Per Agostino nel paradiso terrestre il sesso
era docile come qualunque altro organo, svolgeva cioè la sua funzione,
come la mano, per esempio, senza alcuna oscenità e immune dalla attuale
parossistica violenza. Perversioni, queste, che secondo Agostino, sono
l’effetto della caduta: con una sorta di contrappasso, come Adamo si è
ribellato a Dio, così il sesso si ribella alla volontà umana, una
ribellione che si attesta appunto nella motilità autonoma, positiva o
negativa (erezione o impotenza) del sesso maschile. In questa
prospettiva, primariamente fallica, il sesso – scrive Foucault in una
formula folgorante, «è per l’uomo ciò che l’uomo è per Dio: un ribelle.

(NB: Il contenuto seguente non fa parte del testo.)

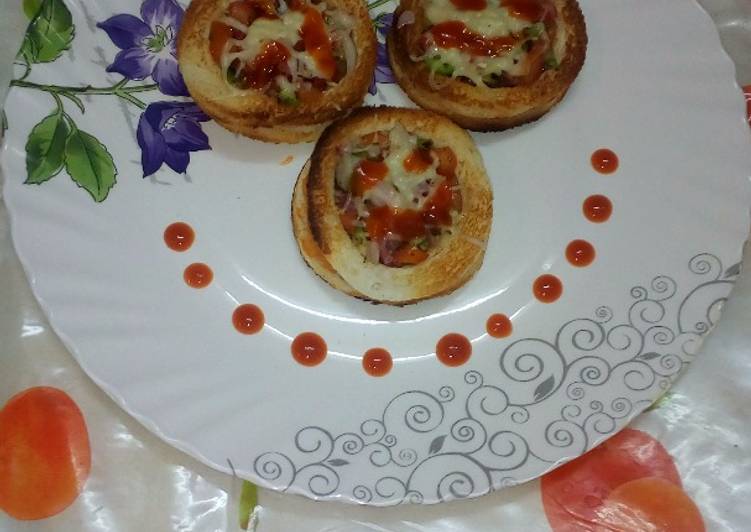 Bread rings pizza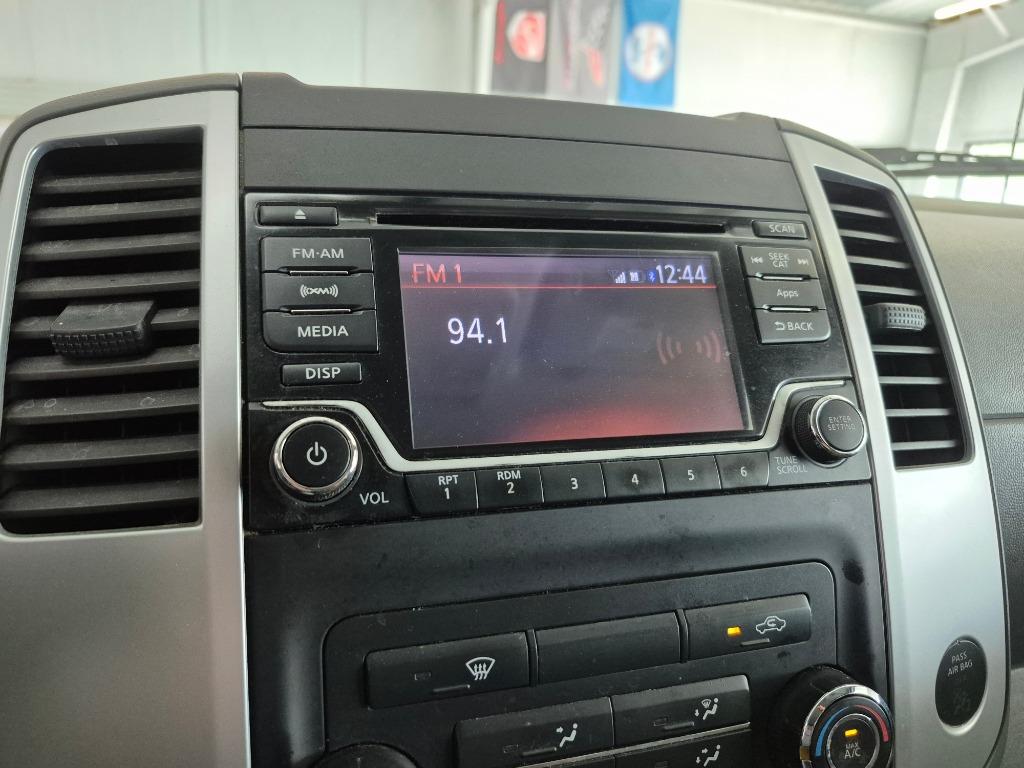 2016 Nissan Frontier SV photo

Uomo dell’uomo, eretto davanti a lui e contro di lui».
Sapere, potere, godere
Che
la libido sia ereditata da tutti gli uomini venuti al mondo (tant’è
vero che essa caratterizza necessariamente anche la sessualità lecita
del matrimonio), non significa tuttavia che il peccato sia dovuto
all’azione di una forza esterna all’anima (la carne che sovverte lo
spirito) o a un conflitto tra la ragione e la volontà («et veggio ‘l
meglio, et al peggior m’appiglio»). La libido, infatti, non è qualcosa
di diverso dalla volontà stessa, in quanto non è che la sua forma
decaduta. Per quanto forte sia la pulsione della libido, essa non
potrebbe mai tradursi in atto, senza il consenso – concetto fondamentale
in Agostino – della volontà, che nel peccato «vuole ciò che vuole la
concupiscenza»; ed è tale consenso che rende il soggetto di
concupiscenza soggetto di diritto, responsabile delle proprie azioni.
Questa
la novità del Cristianesimo secondo Foucault: mentre per il pensiero
antico non si trattava di analizzare la sessualità, ma «piuttosto di
collocarla in un’economia generale dei piaceri e delle forze», il
cristianesimo, con Agostino, fonda «l’analitica del soggetto della
concupiscenza, dove sono legati, con nodi che la nostra cultura ha
piuttosto rafforzato che allentato, il sesso, la verità e il diritto». È
in queste parole, le ultime del libro, che andrebbe probabilmente letta
la trasformazione, ma anche la continuità, di quel circuito di sapere,
potere e godere di cui parlava la Volontà di sapere.